My advice: Continue to be that “sign of contradiction” among those you meet, while making an effort to “pluck out” those elements of your friendship which pull all of you away from God. It doesn’t necessarily have to be one big conversation, but if something in your religion class spoke to your heart, share with your friends why you liked it and what it meant to you! If they laugh at you for it (because laughing at religion class was perhaps a fun pastime of your relationship), politely but firmly let them know that it hurts your feelings and that you’re starting to take this stuff more seriously. If the conversation turns to gossip, gently change the subject to something positive. You’re changing the rules of your friendship a little bit, so don’t be surprised when they’re, well, surprised. But don’t be wishy-washy, either.
This is exactly how evangelization happens. This is what the apostles did in the early Church. It’s what everyone who met Jesus and came to believe in Him did. They met a man who changed their lives, and He impacted them so much that they wanted to introduce Him to everyone they met–person to person, most often in casual conversations just like you have with your friends.

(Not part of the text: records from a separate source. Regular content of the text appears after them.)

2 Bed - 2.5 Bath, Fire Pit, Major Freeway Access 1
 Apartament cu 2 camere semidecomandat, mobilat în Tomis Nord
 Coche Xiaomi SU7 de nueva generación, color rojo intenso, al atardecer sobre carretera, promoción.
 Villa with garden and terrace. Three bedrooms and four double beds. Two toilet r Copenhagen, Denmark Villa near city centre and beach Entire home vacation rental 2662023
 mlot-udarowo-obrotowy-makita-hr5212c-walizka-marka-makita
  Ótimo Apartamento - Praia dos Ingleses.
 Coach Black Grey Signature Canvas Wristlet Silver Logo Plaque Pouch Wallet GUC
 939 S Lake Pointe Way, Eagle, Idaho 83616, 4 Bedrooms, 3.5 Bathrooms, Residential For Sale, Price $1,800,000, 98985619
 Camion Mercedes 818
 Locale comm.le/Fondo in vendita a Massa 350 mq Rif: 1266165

It is of course possible that these friends will not accept your newfound faith in Jesus, and that’s unfortunate. Sometimes when this happens, people may feel that you’re judging them because of your faith. Most often this is because they are doing things that they know in their heart are not what Jesus wants for them, and so since you’re now a follower of Jesus, they assume you will judge them as they fear Jesus has. This is all the more reason to really be Christ to these people. Be uncompromising when it comes to standing against sin, but unwavering in your love. If they draw back for a time, it’s ok. Don’t reject your friends for Jesus’ sake (He doesn’t need or want you to), but do take consolation in the fact that Jesus Himself was rejected for ours.
I hope this has helped in some small way. I will certainly be praying for you.
Jesus is so happy you have come to know Him! Cling to Him, and trust Him to guide your path and lead you to be the person He is calling you to be. And be that person! As St. Catherine of Sienna said, “Be who God meant you to be, and you will set the world on fire!”